Copyright 2016, Ric Hajovsky

In 1908, a committee of Cozumel islanders got together and formed the “Centenary Celebration Steering Committee,” to plan for the upcoming Centennial celebration of the 1810 war of independence. The motion of building a commemorative clock tower was passed, and subsequently, plans were drawn up for the construction of the tower.

The building of the tower was accomplished over the course of several weekends in 1910, by Cozumeleños pressed into service via “fagina,” or compulsory, donated labor on public works ordered by the local authorities. Those who didn’t work on the tower were fined by the city, but allowed to pay their fines “in kind” with cal, stones, or other building material. This work was supervised by Hipólito Vivas Rejón, who was rumored to have paid 60 pesos of his personal funds towards the clockwork machinery, (a considerable sum back then) although I personally feel that these were actually city funds that he had access to through his position in the city government at the time. The first stone of the tower was laid on April 2, 1910, when the population of San Miguel was a whopping 822 souls.

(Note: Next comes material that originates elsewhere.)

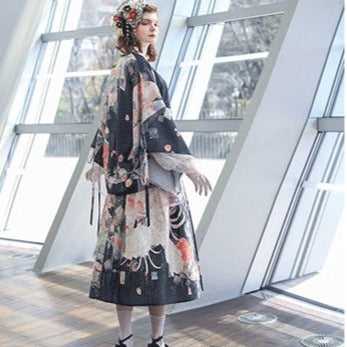 和ロリ苔桃の花咲くエレガント羽織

Above: The clock tower in 1922. The original top was of wood. The old City Hall is in the background, on 5th Avenida. The clock faced towards the water.

Above: The Coldwell house on the northwest corner of Juarez and 5th Avenue, decorated for the 1910 celebrations. Negociación Joaquín now stands on that corner.

The clock tower was inaugurated on September 15, 1910, when the presidente municipal of Cozumel, Óscar Coldwell Anduze, performed the traditional “Grito de Dolores” from the adjacent ayuntamiento building (where today’s Plaza del Sol resides). The clockwork, however, was not present for the inauguration; it had not been delivered to Cozumel in time.

The original clockwork (now housed in El Museo de la Isla) did not arrive until 1911. It had been ordered from France by the jewelry, watch, and clockwork company La Esmeralda Hauser, Zivy & C °. This company had showrooms in Mexico City and Paris. The Mexico City showroom was the finest in Mexico at the time and was located on the corner of Isabel la Católica and Madero in Mexico City. Today, the Esmeralda building is the Museo del Estanquillo.

The idea that Presidente Porfirio Díaz had something to do with the clock tower and clockworks sprang from the fact that the same company that provided the clockwork to Cozumel (La Esmeralda Hauser, Zivy & C °) also provided Díaz with a very famous pocket watch, nick-named “La Esmeralda.” This pocket watch is now in the Girard-Perregaux Museum in Villa Marguerite, La Chaux-de-Fonds, Switzerland. A image of that pocket watch is below:

The original, wooden, clock housing at the top was replaced with a mamposteria version several years later, sometime after 1923.

Above: Looking north at the clock tower in the 1940s. Back then, the clock still only had one face and it faced the sea.

In 1981, the original clock’s mechanism was replaced with new clockworks and three more faces were added to the tower. The original clockworks are now housed in the Museo de la Isla.